The Leafs acquired American sniper Phil Kessel in September 2009 from the Boston Bruins for a first and second round draft pick in twenty-ten and a first round pick in twenty-eleven. Kessel has been slow getting out of the blocks this season, netting only 12 goals–but this still leads the Leafs. He is also one of the league leaders with shots on goal. If more of those shots hit the back of the net, the Maple Leafs could improve offensively. J.S. Gigure and Jonas Gustavsson have been shaky between the pipes with goal-against averages of 2.85 and 2.87 respectively.
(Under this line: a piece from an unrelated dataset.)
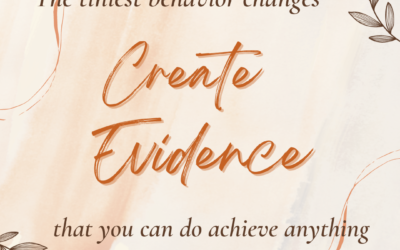 What Kind of Evidence are you Creating?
Giguere has playoff experience and was stellar in the Stanley Cup winning Anaheim Ducks team in 2006/07. Jonas Gustavsson, before signing with the Leafs and donning the uniform in the summer of 2009, was the top goalie in the Swedish Elite League in the 2008/09 season recording a league best save-percentage of .932 and a goal-against average of 1.96. He lead Färjestad to the league title and won MVP of the playoffs for this feat. Promising young talents like Nazem Kadri, who was drafted 7th overall in 2009 by the Leafs from the London Knights of the Ontario Hockey League, and the undrafted Tyler Bozak have flourished in the minors and are now key parts of the Leafs squad. Kris Versteeg and Colby Armstrong are other strong acquisitions that Burke has picked up during the off-season. Both Versteeg and Armstrong have Stanley Cup rings and bring leadership to the Leafs’ dressing room. Last but not least, the Leafs’ captain, Dion Phaneuf. The big 6’3 defenseman was a rock for the Calgary Flames on the blue-line and had his best season in 2007/08 racking up 60 points and was voted into the Western Conference All-Star line-up. When Phaneuf signed with the Leafs on January 31, 2010, it seemed like the tides were turning in Toronto. Unfortunately, this was not the case. As a Leaf, Phaneuf has only tallied a total of 16 points, with 6 of those points coming this season. Phaneuf sustained a deep laceration on his leg that needed surgery early in the season. Even though he is back in the line-up and healthy, this setback hurt the Leafs as they missed their captain for a few weeks, dropping points in the process.
Even with all of the talent that Brian Burke has acquired for the Leafs during the off-season, they are still struggling to find the knockout punch needed to win hockey games. The Toronto Maple Leafs are notorious for not putting enough pucks on net or not getting enough bodies in front of the puck to stop shots when there is an extra man on the ice or a man down in the sin bin. Ron Wilson has struggled to develop the Maple Leafs’ horrendous special teams that held the league’s worst power-play and penalty kill percentages last year. For this season, the Leafs had nowhere to go but up. They are still terrible with both disciplines. The penalty-kill almost halfway through the season holds a 77.2% that ranks 29th along with a dismal power-play that checks in at 15.3% and is 28th in the NHL. Remember, hockey fans, that there are only 30 teams in the NHL. The Leafs’ improvement is non-existent and if they want to lock-up a playoff spot for this season, or future seasons, they need to fix this problem as soon as possible. Former captain and Maple Leaf legend Mats Sundin stated that, “When things are not going well in Toronto, you’re going to hear about it.” That’s exactly what’s happening in Leafs Nation.